А еще в центре их черной земли стоит огромное яйцо - памятник Евросоюзу, в который вступила Венгрия совсем недавно. Правила объединенной Европы добавили своих черных красок в общую палитру - и вот артисты Шиллинга поют и рассказывают длинную историю про нелепые выборы в Европарламент с их бюрократической казуистикой. А потом - про судебный иск по отношению к тяжелоатлету, отказавшемуся предоставить нужное количество своей урины для тест-контроля: и вот стоит голый тяжеловес на столе, а со всех сторон его по-английски и по-немецки просят то поднять руки, то прекратить разговаривать. Нежная европеянка стыдливо держит у его пениса баночку в ожидании капель, а их все нет и нет, и разъяренный инспектор комиссии вопит на бедного парня как в концлагере.
"Черная земля" Арпада Шиллинга и впрямь расширяется до всемирной - и вот уже агрессивная леди по-американски деловито теребит пенисы трех мужчин со спущенными штанами, прижимает их розовую плоть к глазку видеокамеры, чтобы создать на экране впечатляющую видеоинсталляцию. Немыслимая история про агрессоршу и ее послушных жертв длится очень долго, они тычут друг друга в то, что пониже спины, и, наконец, исчезают со сцены, а мы узнаем, что в 2002 году президент США Джордж Буш был переизбран на второй срок.
В спектакле Шиллинга так устроены все скетчи-сценки - пластические этюды, вокальные медитации прерываются сигналом SMS-сообщения, и на экранах возникает текст об очередной социальной язве. Яркие до плакатности, они кажутся новым воплощением политического театра 60-х годов, или брехтовской эпической драмы. Только без гнева и ярости.
Впрочем, этого в вину Шиллингу поставить нельзя - он отлично себя обезопасил, поступив по лучшим правилам концептуального искусства, объясняющего самое себя. В финале он вывел артиста, который по-немецки (видимо, для того, чтобы лучше поняли в Евросоюзе) рассказал обо всем, чем этот спектакль не является. Речь его мало чем отличается от моей. Она выглядит примерно так: "Брехтовским принципом остранения здесь и не пахнет, хотя вам может так показаться. Тема политического насилия, грубой манипуляции представлена в этой театральной конструкции как насилие сексуальное, как опороченное, асексуальное и отвратительное тело, утратившее свое естественное предназначение. А если вы подумаете, что всеобщая "обнаженка" и исключительная по насыщенности матерная речь возникли в спектакле только ради эпатажа, то будете не правы. Здесь не пахнет и эпатажем. Это удовлетворение собственных амбиций - не более того. Вернее - совсем не то".

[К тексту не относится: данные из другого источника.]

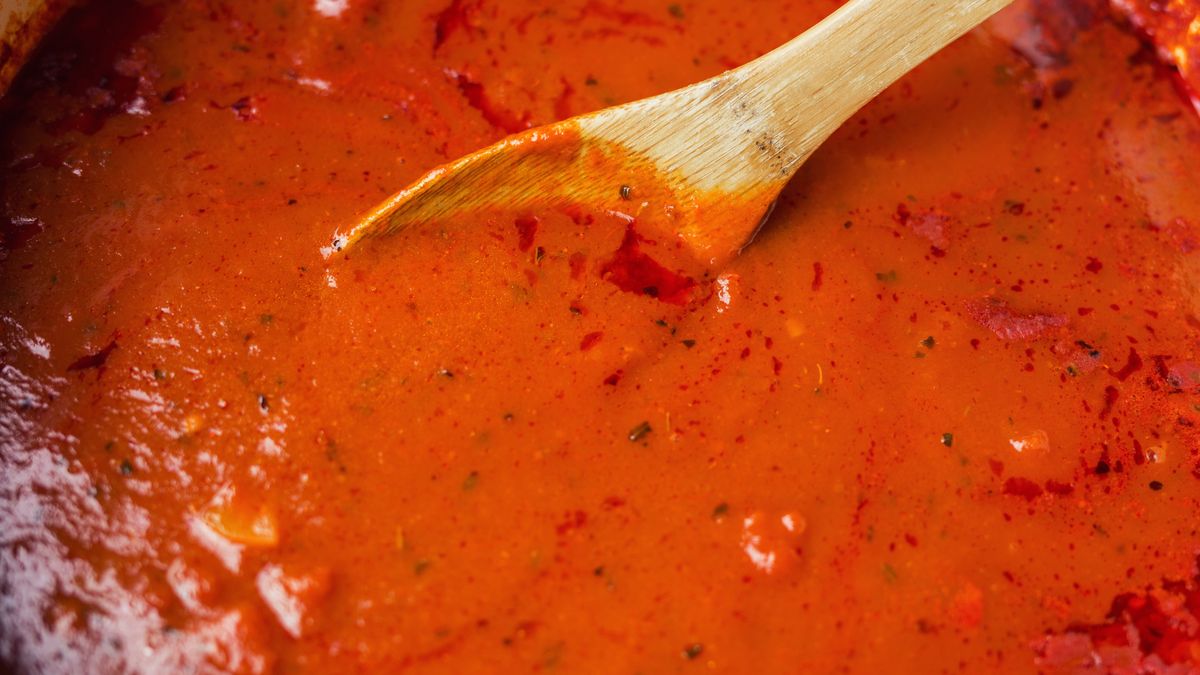 Sos marinara można łatwo wzbogacić kilkoma dodatkami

Спектакль Шиллинга в какой-то момент напомнил мне одно из первых и самых ярких театральных сочинений Кристофа Марталлера в берлинском "Фольксбюне" 1993 года - "Убей европейца, пристукни, прихлопни его!" Блестящая музыкальная пародия на общество с отравленной фальшью политической системой, с опустошенными смыслами, с лживой моралью и патриотической демагогией. При всей блистательности формы спектакль Марталлера был наполнен энергией мощного социального и художественного смысла. Для Арпада Шиллинга десятилетие спустя сама потребность в смысле кажется ненужным придатком - вроде тех бесконечных пенисов, которыми "инсталлировано" его сочинение. А "осмысленная" речь премьер-министра выглядит как десятиминутный каскад отрыжек и междометий.

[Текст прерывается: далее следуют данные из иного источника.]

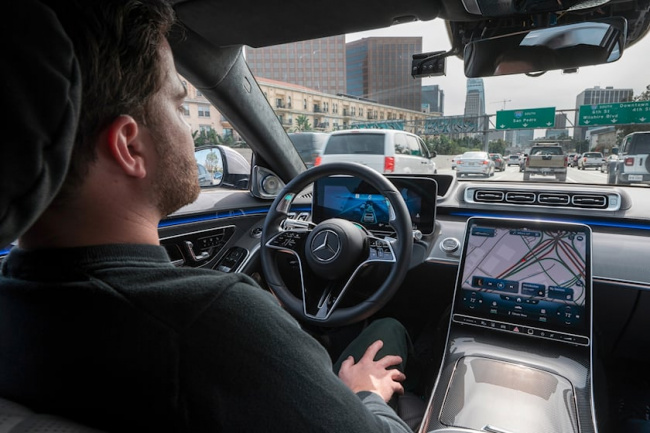 technology, aaa survey reveals americans are afraid of self-driving cars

Венгерский режиссер и его спектакль Blackland не виноваты в том, что им пришлось открывать амбициозный российский проект под названием "Территория". В таком контексте он оказался обреченным на роль манифеста современного искусства. А на такую роль он, увы, не тянет. В нем недостает динамичного, пульсирующего смыслами образа как основы любой театральной конструкции. Вне образа спектакль остается нудным набором вызывающе смелых... эстрадных скетчей на актуальные политические и социальные сюжеты. Но об этом не знала публика "Территории", собравшаяся в зале "Новой оперы". Она восхищенно внимала образу современного искусства в лице венгерского театра Kretakor.